Jacinda Ardern’s won with a landslide victory again
Auckland: New Zealand Prime Minister Jacinda Ardern won a landslide victory in country’s general election on Saturday, her success leveraging battle against Covid- 19 to gain an unprecedented outright majority and the chance to implement her reform agenda.
Ardern’s centre-left Labour Party was on 49.2 percent and forecast to take around 64 seats in the 120-member parliament, with two thirds of the vote counted. No leader has achieved an absolute majority since New Zealand adopted a proportional voting system in 1996, leading to a succession of multi-party governments. While the count has not been finalized, the figures were enough for opposition leader Judith Collins to concede after phoning Ardern.
“Congratulations on your result because it is, I believe, an outstanding result for the Labour Party. It has been a tough campaign,” Collins told cheering supporters in Auckland. Her conservative National Party was expected to take around 35 seats in what appears to be its worst result in nearly 20 years. Ardern’s performance beat pre-election opinion polls and put Labour on course for its strongest showing since 1946.
Labour Party president Claire Szabo praised the campaign of the charismatic leader, who sparked a wave of support dubbed “Jacinda-mania” when she took over the party in 2017 as it was languishing in the polls.

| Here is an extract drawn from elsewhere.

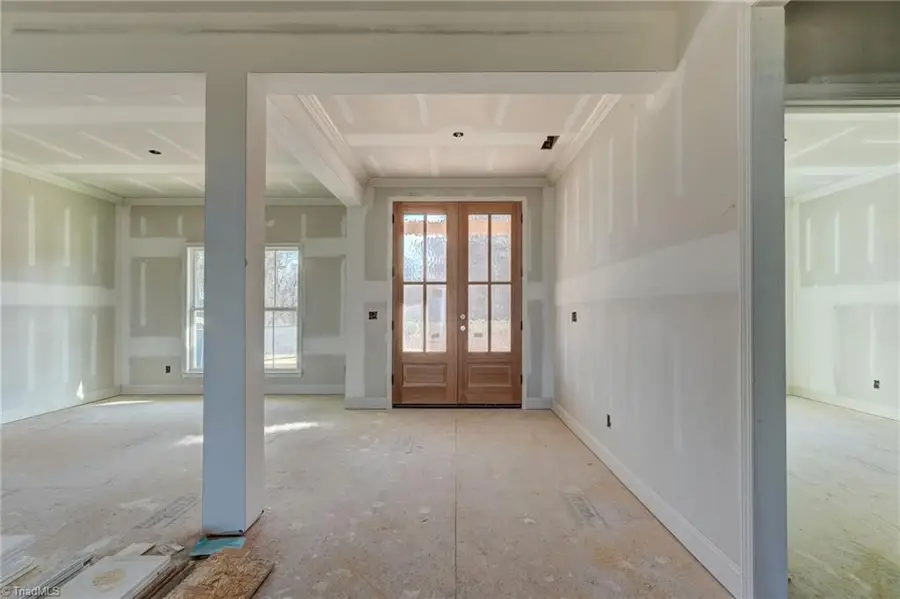 2214 Baker Crossroad Road, Reidsville, NC 27320 - #2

“There’s no doubt the strong, great leadership we’ve had from Jacinda Ardern has been a massive factor in all this,” she said. Ardern had dubbed the vote “the Covid election” and campaigned on her government’s success in eliminating community transmission of the virus, which has caused just 25 deaths in a population of five million.
“No matter what crisis is thrown my way, you will always be assured I will give my everything to this job, even if that means a huge sacrifice,” she said this week.